Jean-Marie Colombani, président-fondateur de Slate France

Jean-Marie Colombani, président-fondateur de Slate France - François Guillot

L'ancien rédacteur en chef de cette filiale de Slate France, licencié en 2013, demande au tribunal de commerce la liquidation judiciaire du site.

Slate Afrique, la filiale de Slate France, va-t-elle déposer son bilan? Telle est la demande de son ancien rédacteur en chef, Pierre Cherruau, et de son adjoint Philippe Randrianarimana.

Le duo -licencié en janvier 2013- a demandé en mai au tribunal de commerce de Paris de placer Slate Afrique en liquidation judiciaire, en affirmant que le site est en cessation de paiements. Le 1er juin, le tribunal a jugé que les éléments fournis par le duo "sont insuffisants pour avoir la certitude d'un état de cessation de paiements", et a nommé un expert qui devait rendre un rapport fin juillet.

"Ce type est un escroc"

Pour mémoire, ce site consacré à l'actualité africaine a été lancé en 2011 par Slate France. Il était dirigé par Pierre Cherruau, ancien chef du service Afrique de Courrier international. Il utilisait aussi des pigistes, comme l'algérien Kamel Daoud ou le marocain Ali Amar. Il était notamment financé par Orange, qui a investi 652.000 euros pour prendre 34% du capital. Mais l'audience n'a pas décollé, rapportant à peine quelques milliers d'euros de chiffre d'affaires. En 2012, Slate France a tenté de trouver plus d'argent auprès d'investisseurs, notamment le marocain Géomedia, mais sans aboutir.

La crise éclate le 28 décembre 2012. Eric Leser, directeur général de la maison-mère Slate France, annonce dans un courriel à Pierre Cherruau et à son adjoint: "Ali Amar ne travaille plus pour Slate. Ce type est un escroc et nous aura coûté très cher en faisant fuir tous les partenaires marocains avec qui nous avons discuté. On aurait dû prendre cette décision plus tôt".

Liberté de ton

Pierre Cherruau critique alors cette décision, prise sans le consulter. Surtout, il pense qu'Ali Amar est en réalité remercié à cause de sa liberté de ton vis-à-vis du régime marocain, qu'il critique régulièrement. Le conflit s'ébruite.
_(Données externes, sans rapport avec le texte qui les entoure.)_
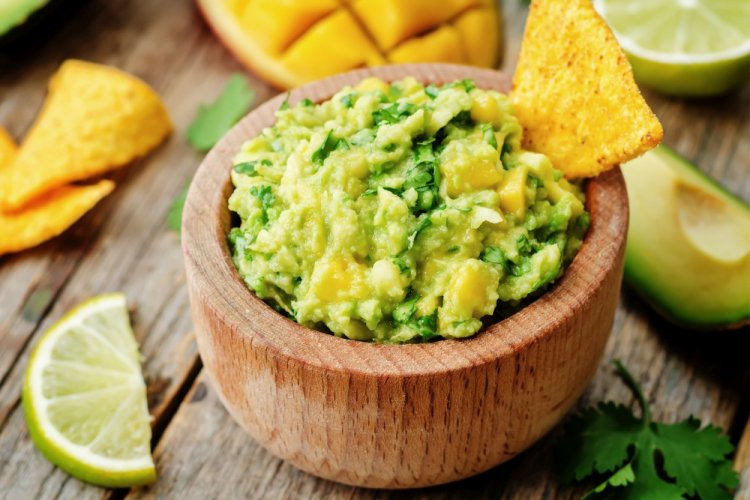Паста из авокадо и манго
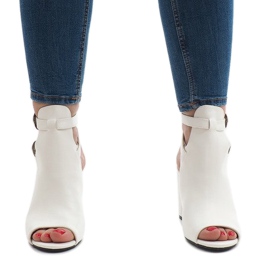 Bijele čizme na postu 173-853 bijela 2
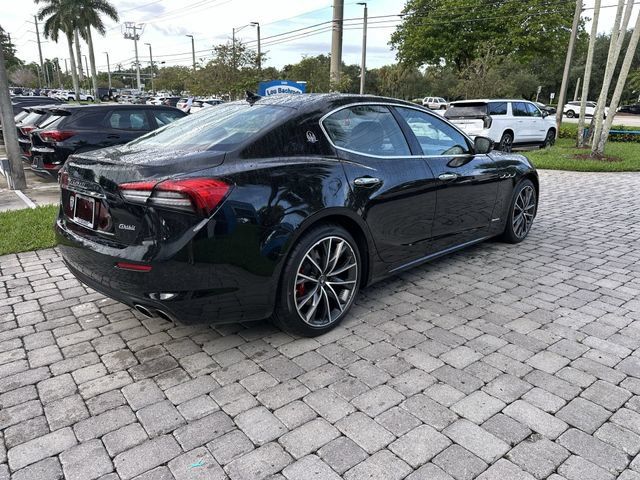 Used 2021 Maserati Ghibli S GranLusso RWD image 38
Dans un premier temps, Eric Leser prétend auprès du site Yabiladi ne pas avoir écrit la phrase "Ali Amar nous aura coûté très cher en faisant fuir tous les partenaires marocains avec qui nous avons discuté"... avant d'admettre en être bien l'auteur auprès de Médiapart.

Sur le fond, Eric Leser explique qu'Ali Amar reprend dans ses articles des éléments tirés de ses livres sans le signaler au lecteur -ce qu'Ali Amar dément. Eric Leser ajoute: "un certain nombre d’annonceurs nous ont dit: 'On ne vient pas chez vous en raison de la présence d’Ali Amar'. Mais on ne mélange pas le commercial et le rédactionnel. Slate Afrique est un site indépendant, et il n’y a aucune position politique inacceptable dans nos colonnes".
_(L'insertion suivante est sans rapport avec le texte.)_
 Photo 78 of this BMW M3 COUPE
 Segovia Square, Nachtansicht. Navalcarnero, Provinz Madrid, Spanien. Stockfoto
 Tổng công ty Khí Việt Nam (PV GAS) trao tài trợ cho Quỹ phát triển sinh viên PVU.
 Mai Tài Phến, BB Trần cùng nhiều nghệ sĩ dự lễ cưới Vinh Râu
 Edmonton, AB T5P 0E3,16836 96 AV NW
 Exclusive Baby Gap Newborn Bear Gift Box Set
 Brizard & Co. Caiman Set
Ces explications n'ont pas totalement convaincu, notamment le site Demain Online, qui souligne que le président-fondateur de Slate France, Jean-Marie Colombani, anime une semaine sur deux une émission sur Médi 1, une radio marocaine détenue à 25,5% par la SNI, holding de la famille royale.

Difficultés économiques

Fin janvier 2013, Pierre Cherruau, et son adjoint Philippe Randrianarimana reçoivent une lettre de licenciement, officiellement pour raisons économiques. Cette lettre détaille les difficultés du site: "Slate Afrique se trouve aujourd'hui dans une situation économique et financière difficile. Les pertes, qui se sont montées lors de l'exercice 2011 à 602.102 euros se sont creusées au cours de l'exercice 2012. Par ailleurs, les performances n'ont pas été au rendez-vous. L'audience du site a stagné tout au long de l'année 2012 par rapport à 2011. Les visites et le nombre de visiteurs cumulés sont en recul en 2012 en regard des données 2011. De plus, les recettes commerciales n'ont pas atteint le niveau attendu et nécessaire à l'équilibre".
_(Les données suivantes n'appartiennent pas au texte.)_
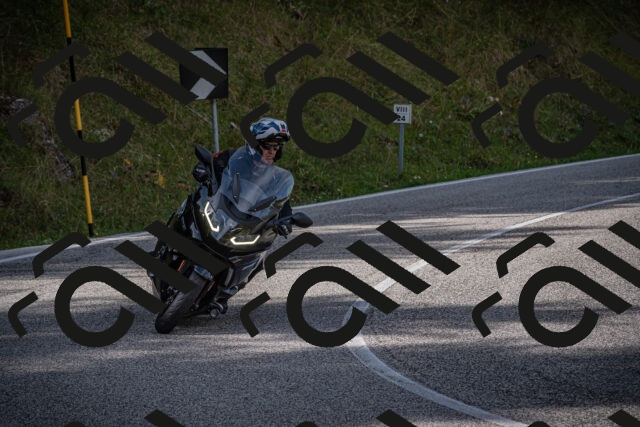 20250907124956-_5005306_am_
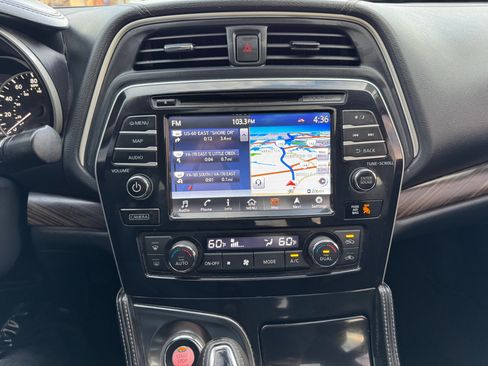 Used 2016 Nissan Maxima Platinum image 20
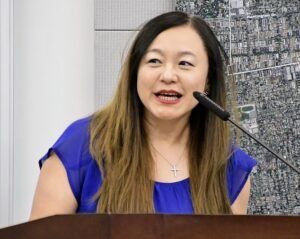La alcaldesa de California admite ser una espía secreta para China… y se ve muy diferente a su foto original retocada con Photoshop.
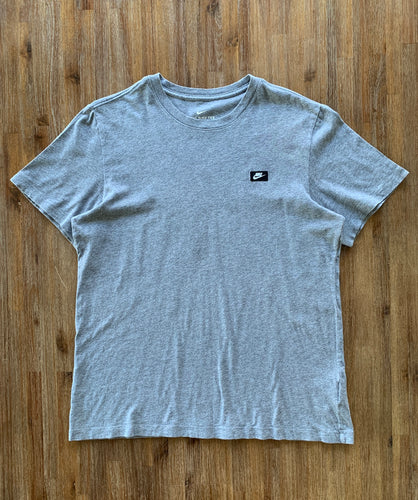 NIKE Size L Pocket Emroidery T-shirt in Grey MAR8-21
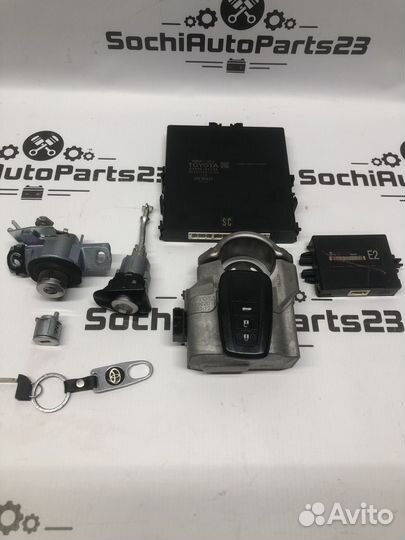 Комплект личинок с ключом Toyota Camry V70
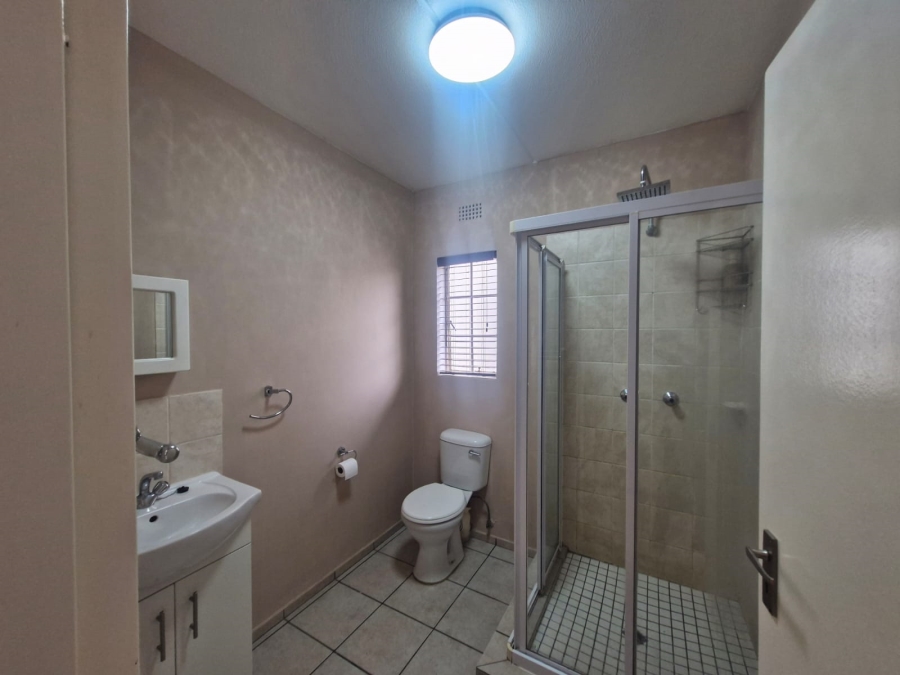 2 Bedroom Property for Sale in Brentwood Gauteng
La lettre ajoute: "Un nouvel investisseur avait été sollicité pour entrer au capital à la fin de l'année 2012 et renflouer la société. Après avoir manifesté un grand intérêt, ce dernier a finalement décliné sa proposition le 21 décembre 2012. Nous sommes donc contraints de réduire de façon drastique ses coûts de fonctionnements. Le principal actionnaire, Slate France (à 66%) est par ailleurs affecté de difficultés économiques du même ordre".

Parallèlement, le site est repositionné, privilégiant désormais l'agrégation de contenus tiers. Sur le site, la direction justifie ainsi cette évolution: "c'est la conséquence des difficultés économiques que traverse Slate Afrique, et aussi de la difficulté de Pierre Cherruau à passer de la presse écrite à celle d'internet et à faire fonctionner harmonieusement sa rédaction. Certains préfèrent détruire leur jouet plutôt que de le voir en d'autres mains".

Licenciement sans cause réelle ni sérieuse

Pierre Cherruau et Philippe Randrianarimana contestent alors leur licenciement aux prud'hommes, qui les déboutent en mars 2015. Ils font alors appel, avec succès. Pour la cour d'appel, "le motif premier du licenciement est la divergence d'avis qui opposait Pierre Cherruau à la direction de Slate Afrique sur l'exclusion d'Ali Amar. Le licenciement est donc fondé sur un motif personnel" et non économique. Pour les juges, "les véritables motifs du licenciement de Pierre Cherruau figurent [dans le texte publié sur le site mais] pas dans la lettre de licenciement, ce qui prive le licenciement de cause réelle et sérieuse".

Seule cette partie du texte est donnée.